- Description of the task -
These records contain pictures, which must be left out; copy exactly the lines from the one with "On the left, voltage" up to and including the one with "Image 6 of gorgeous".

- Provided records -

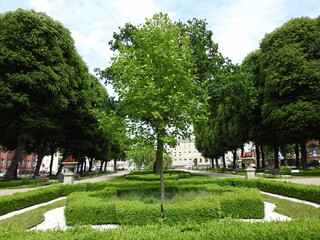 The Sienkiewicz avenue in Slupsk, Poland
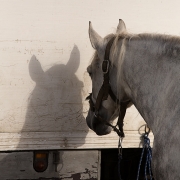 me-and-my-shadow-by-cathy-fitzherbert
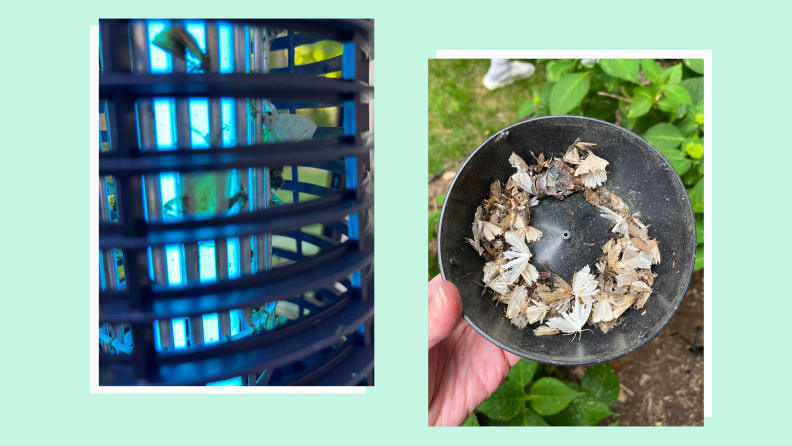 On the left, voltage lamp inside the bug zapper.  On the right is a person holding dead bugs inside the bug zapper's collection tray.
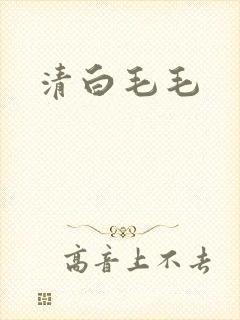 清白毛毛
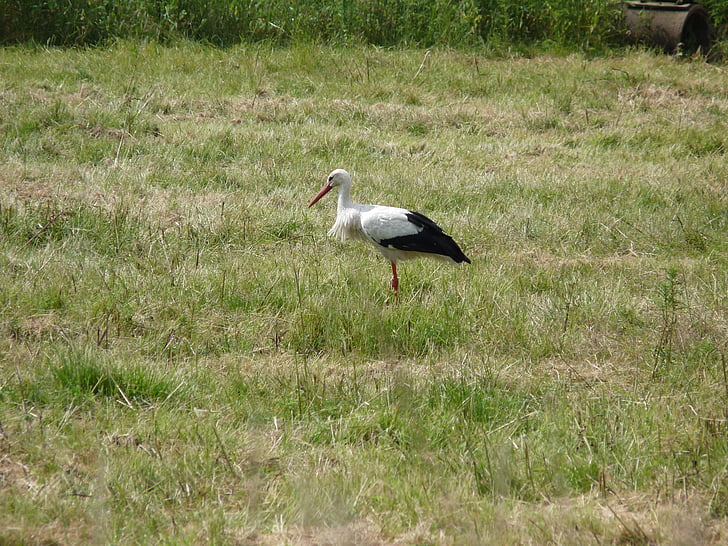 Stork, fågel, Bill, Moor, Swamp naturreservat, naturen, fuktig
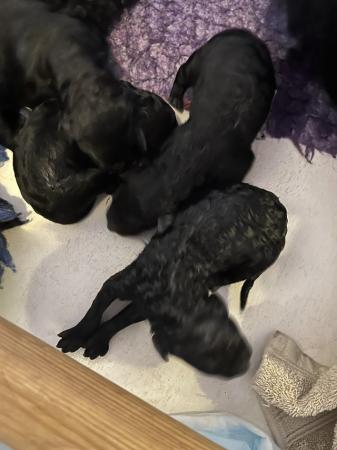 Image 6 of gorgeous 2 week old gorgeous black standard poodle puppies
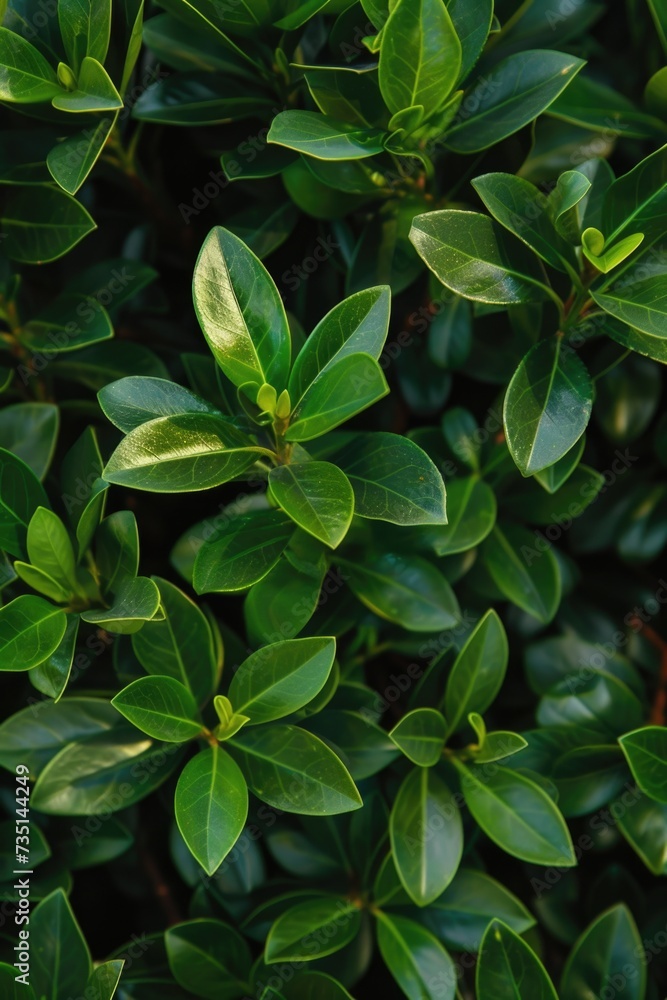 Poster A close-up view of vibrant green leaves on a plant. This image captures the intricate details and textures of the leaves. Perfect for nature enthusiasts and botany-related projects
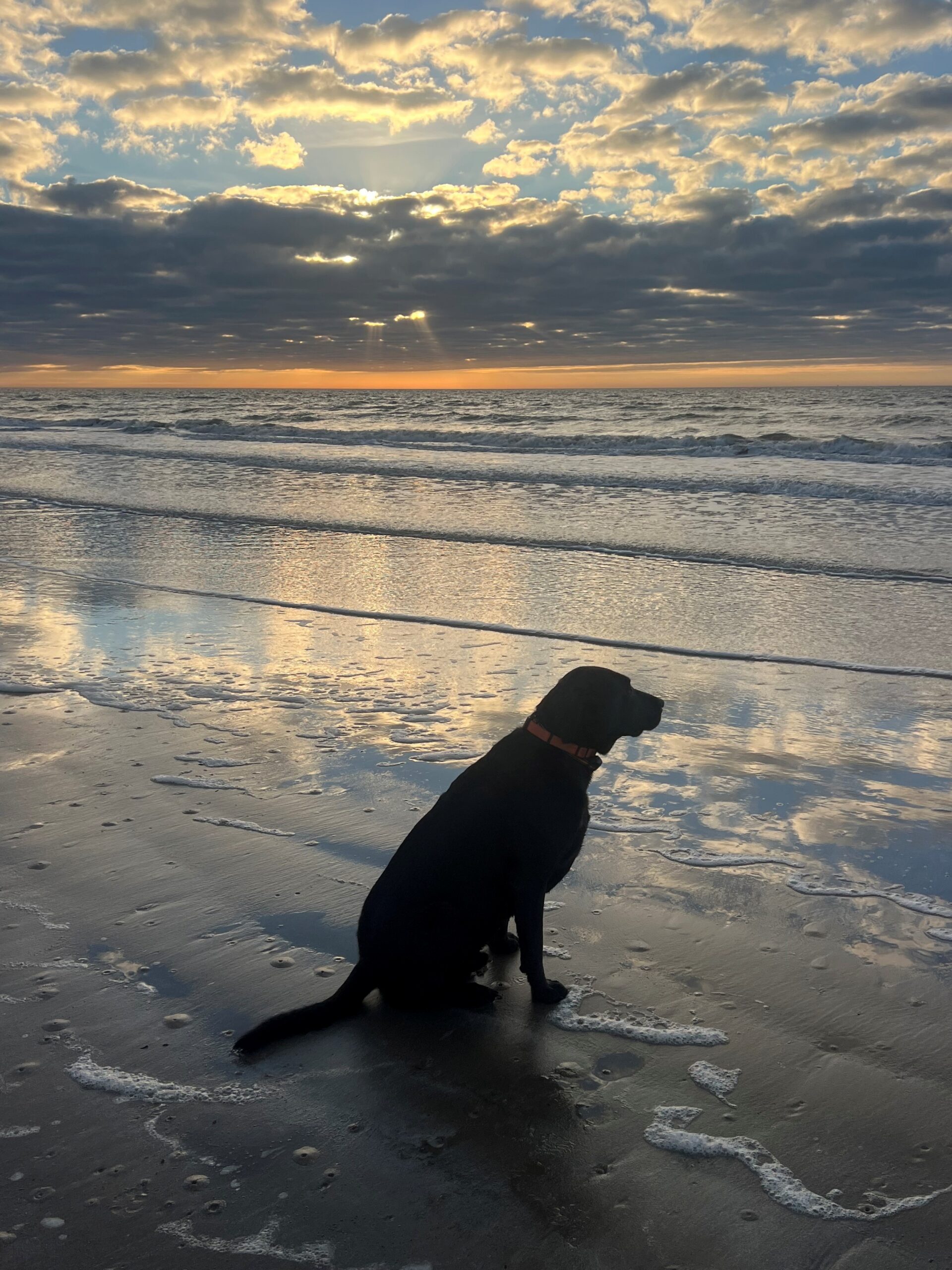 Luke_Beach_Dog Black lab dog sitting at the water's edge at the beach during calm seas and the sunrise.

--

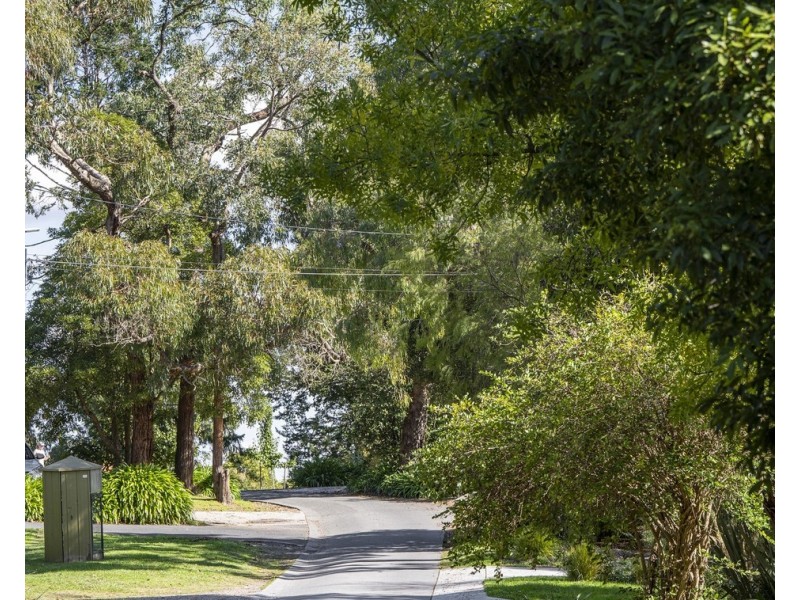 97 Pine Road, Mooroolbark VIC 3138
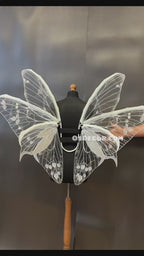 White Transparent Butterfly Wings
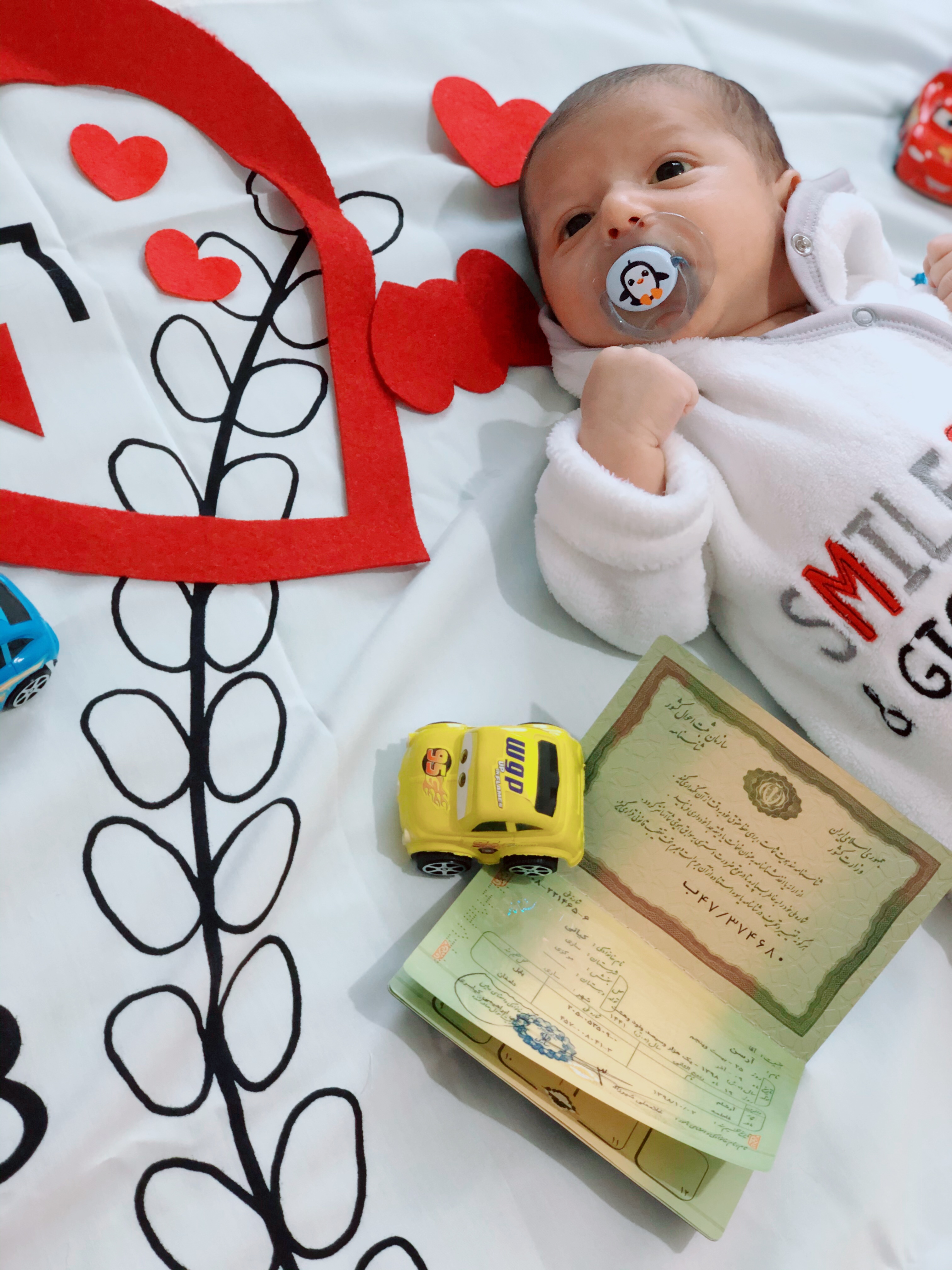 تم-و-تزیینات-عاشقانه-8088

* * *

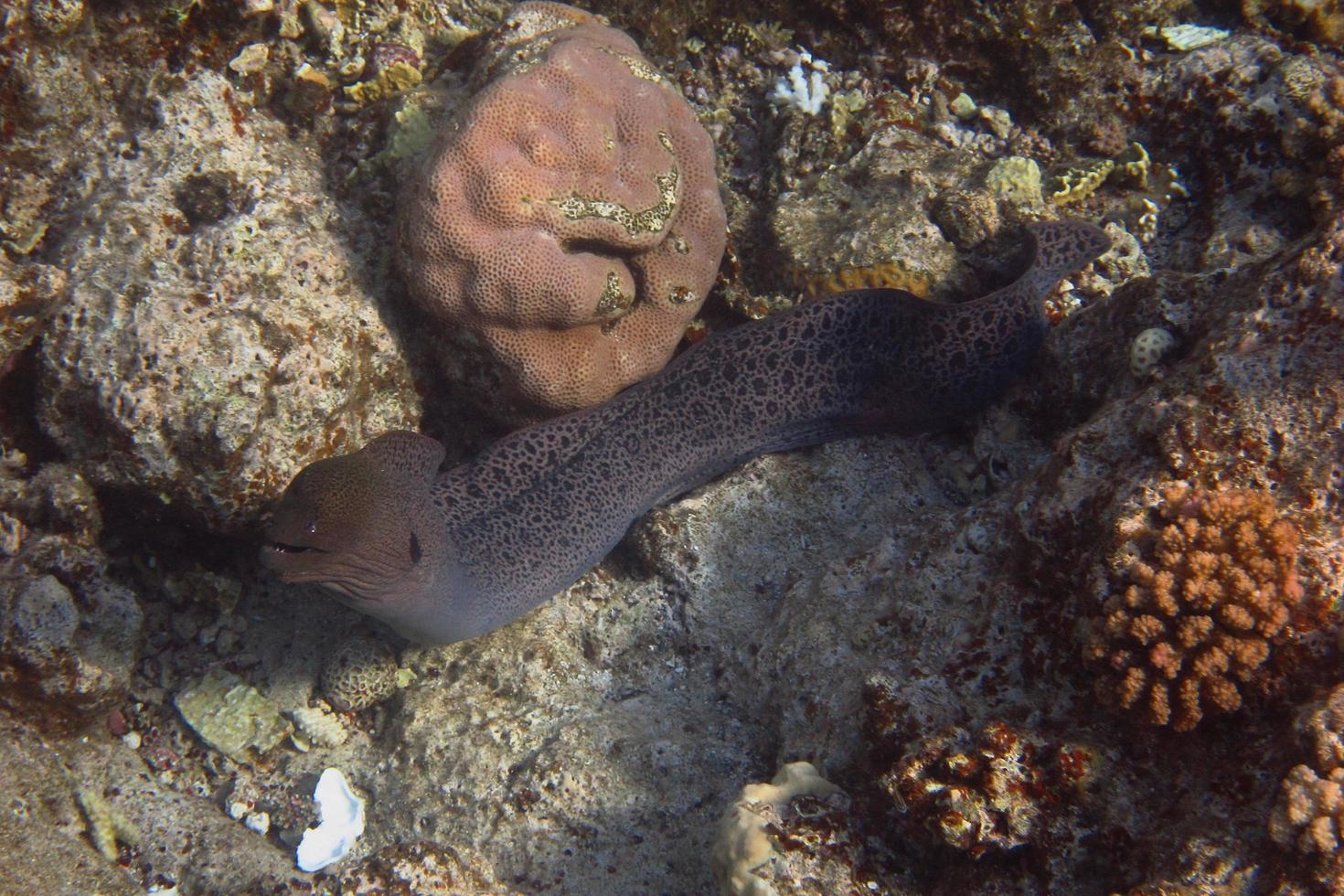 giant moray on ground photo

- Written response -
 On the left, voltage lamp inside the bug zapper.  On the right is a person holding dead bugs inside the bug zapper's collection tray.
 清白毛毛
 Stork, fågel, Bill, Moor, Swamp naturreservat, naturen, fuktig
 Image 6 of gorgeous 2 week old gorgeous black standard poodle puppies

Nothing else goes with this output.